The HookMy latest novel, The Hook, is out today as a paperback and Kindle book. It’s even available on the iTunes Bookstore for the masochists among you. The Hook is fun and cheap and you should definitely read it. Here’s the dust-jacket description:

Scott Sole might be a teacher, but outside of school hours he likes to think he lives in the adult world. That’s why he indulges his sometime-girlfriend’s request to install an adjustable length hook in his apartment wall—of the sort appropriate for hanging people, not paintings. The project goes so well that, at her urging, he writes a blog post about it.

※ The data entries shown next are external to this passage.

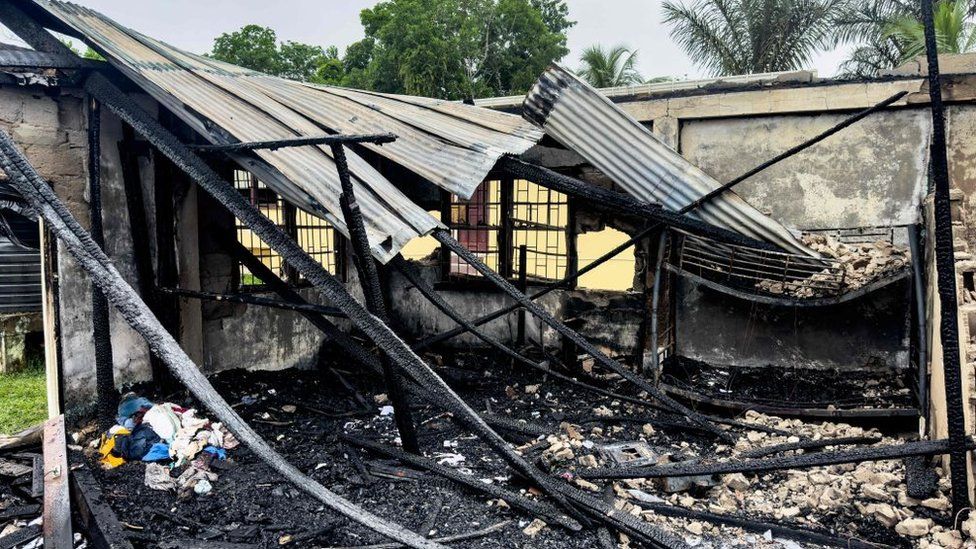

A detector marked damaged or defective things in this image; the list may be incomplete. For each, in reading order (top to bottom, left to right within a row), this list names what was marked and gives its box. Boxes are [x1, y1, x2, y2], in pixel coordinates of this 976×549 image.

burnt wooden post [86, 96, 116, 426]
pile of burnt clothing [94, 394, 239, 496]
rusted zinc sheet [32, 0, 540, 262]
burnt wooden post [332, 142, 420, 454]
rusted zinc sheet [524, 65, 812, 256]
burnt wooden post [924, 0, 968, 516]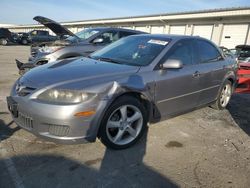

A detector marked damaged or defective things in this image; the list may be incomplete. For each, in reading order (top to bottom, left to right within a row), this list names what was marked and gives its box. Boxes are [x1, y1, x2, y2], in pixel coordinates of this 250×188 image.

damaged vehicle [16, 16, 146, 75]
damaged vehicle [7, 34, 236, 149]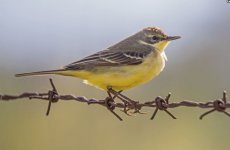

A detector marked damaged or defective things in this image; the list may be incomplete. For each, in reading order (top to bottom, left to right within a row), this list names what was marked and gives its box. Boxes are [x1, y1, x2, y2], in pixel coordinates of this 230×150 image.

rusty wire [0, 78, 230, 120]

Nobody cares about Scott’s blog—until three students find the post and think they can use it for their own purposes.

Each has a motive: Stacy wants to find out if there’s any truth in the whispers that Scott and her older sister had an affair during her sister’s senior year; Arianna thinks she can use it to weasel out of a semester-long writing assignment; and Sheldon wants a way onto the school newspaper to pad his college application. At the same time, one of Scott’s former students returns to his classroom as a student-teacher with a crush on her supervisor. But as accusations fly regarding the blog post, his students, and the rest of Scott’s less-than-perfect life, Scott discovers that once rumors begin, they’re as hard to stop as dirty pictures on the Internet. They might not just cost him his job, but his freedom. It turns out that a good hook can keep you reading, hold up a kinky girlfriend, and hang your career all at the same time.

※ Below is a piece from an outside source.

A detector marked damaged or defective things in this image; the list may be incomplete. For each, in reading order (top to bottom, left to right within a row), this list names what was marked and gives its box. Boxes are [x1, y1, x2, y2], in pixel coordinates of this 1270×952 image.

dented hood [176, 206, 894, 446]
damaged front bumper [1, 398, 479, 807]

My last novel, Asking Anna came out on January 17, 2014. In the last year I’ve quit some things and started others; written about a quarter of my next (likely) novel; read a lot; almost died; and wrote down too many ideas to execute in the next twenty years. But the Asking Anna announcement post is similar to this one, and everything I wrote then is still true:

I’ve been writing fiction with what I’d call a reasonably high level of seriousness since I was 19; I’d rather not do the math on how long ago that was, but let’s call it more than a decade. It took me four to six false starts to get to the first complete novel (as described in slightly more detail here) and another two completed novels to finish one that someone else might actually want to read. Asking Anna came a couple novels after that.

What else? Other writers warned me about bad reviews. They were right that I’d get them, but they were wrong about my reaction: I mostly view bad reviews as entertainment. This “review” may be the best in that respect: “This is surely one of the worst books I have ever read.the author envisions himself as being cerebral by using vocabulary that does not even have any place in the story.” I’m not sure how anyone would envision the author of a novel envisioning himself just through reading the novel in question, but life on the wilds of the Internet entails some pretty confusing commentary.

I’d also like to thank everyone reading this who bought a copy of Asking Anna, and everyone who has bought or is going to buy a copy of The Hook. Books exist to be read. It’s because of your support of Asking Anna that I’ve been able to bring out The Hook. If you’ve gotten this far, let me suggest that you stop by Goodreads and leave comments there.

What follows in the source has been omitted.